Install Red Hat Developer Hub and onboard users

Development teams today face a huge amount of cognitive overload due to the many frameworks, new technologies, and new approaches that make writing software a lot harder than it used to be. 

In this learning path, created by Uth Lawson, you will learn how to install the Red Hat Developer Hub internal developer platform and learn the concepts and skills you need to install your IDP, configure simple GitHub authorization, and explore templating basics.

Note: This preview edition of Developer Portals, Chapters 1–5, is a work in progress. The final book is estimated to be released in May 2024. Last update: March 19, 2024.

Modern development can be fraught with disparate development systems and distributed teams, and organizations with multiple development teams often struggle with competing priorities, diverse tools and technologies, and establishing best practices. A unified platform that can consolidate these elements of the development process and foster internal collaboration helps development teams focus on what really matters—writing high-quality code and accelerating application delivery.

Red Hat Developer Hub is an enterprise-grade, supported version of Backstage, an open source framework created by Spotify for building developer portals. Engineering teams can use Red Hat Developer Hub to reduce friction and frustration and boost their productivity, giving their organization a competitive advantage.

This developer’s guide to developer portals offers insights in terms of Backstage and Red Hat Developer Hub, which together represent the pioneering implementation of developer portal concepts.

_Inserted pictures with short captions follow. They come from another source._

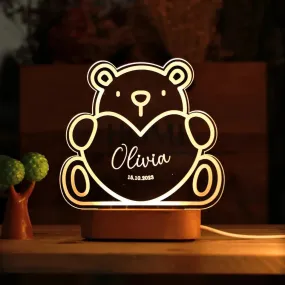 Kid's Name Teddy Bear Lamp for Bedroom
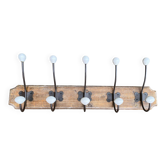 Wall-mounted coat rack with 5 hooks, solid wood, Maisons du Monde.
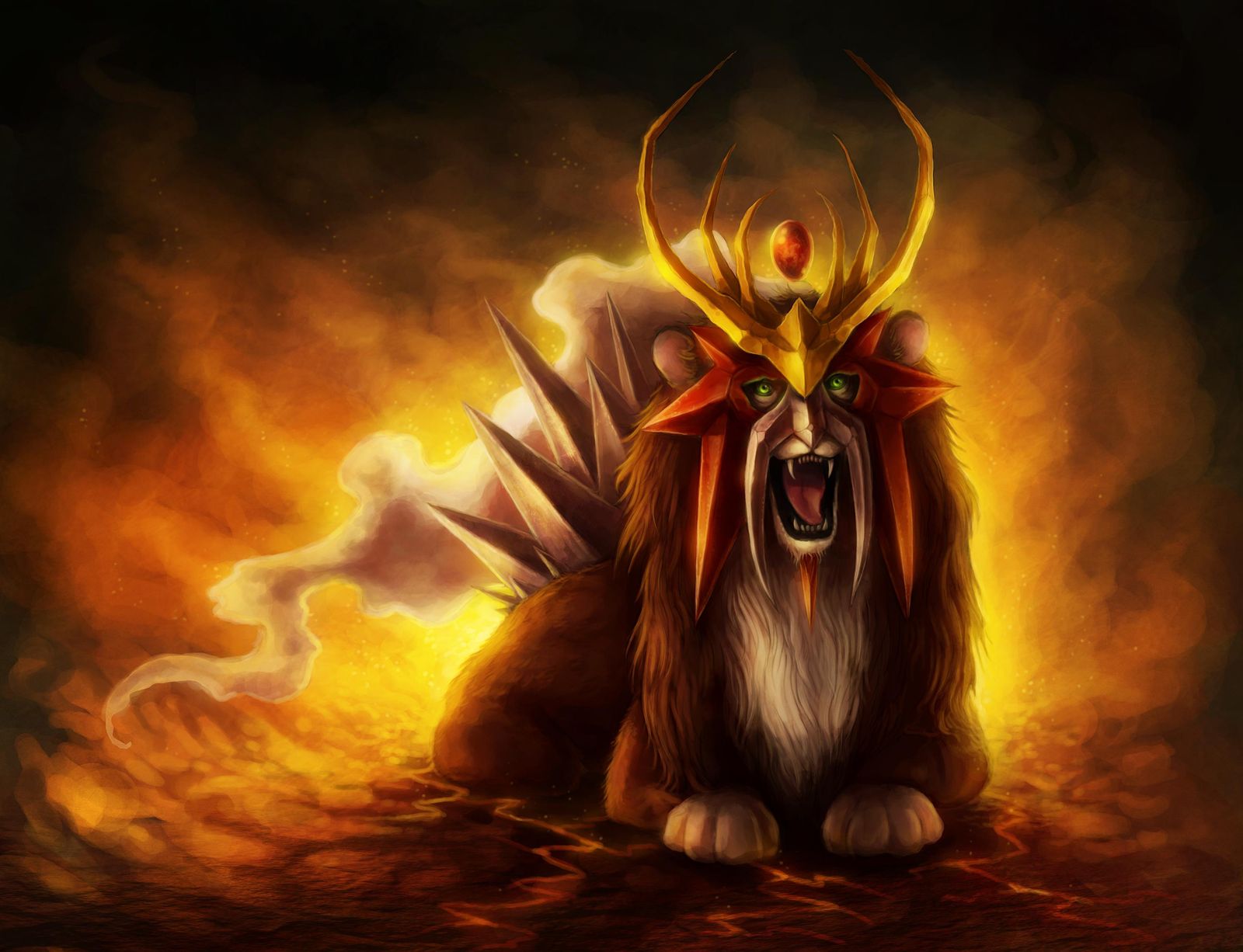 Fiery Beast King Fantasy Art Wall Art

  • Learn what an internal developer portal (IDP) is and the problems it addresses.
  • Get an in-depth view of Red Hat Developer Hub (RHDH), built around the open source Backstage core to implement an enterprise distribution of a platform for creating developer portals.
  • Dive into the tools found in an RHDH instance and learn how to work with those tools to build an application.
  • Understand the basics of Backstage Software Templates and the architecture of the example application. 
View Excerpt

Hello [cruel] World

Writing “Hello World” hasn’t gotten any harder. But running it has. Hello World today means a running container, built by an automated pipeline (triggered by a source code commit) into a container image, stored in some registry, with an attendant manifest declaring how it should be brought to life by a container orchestrator.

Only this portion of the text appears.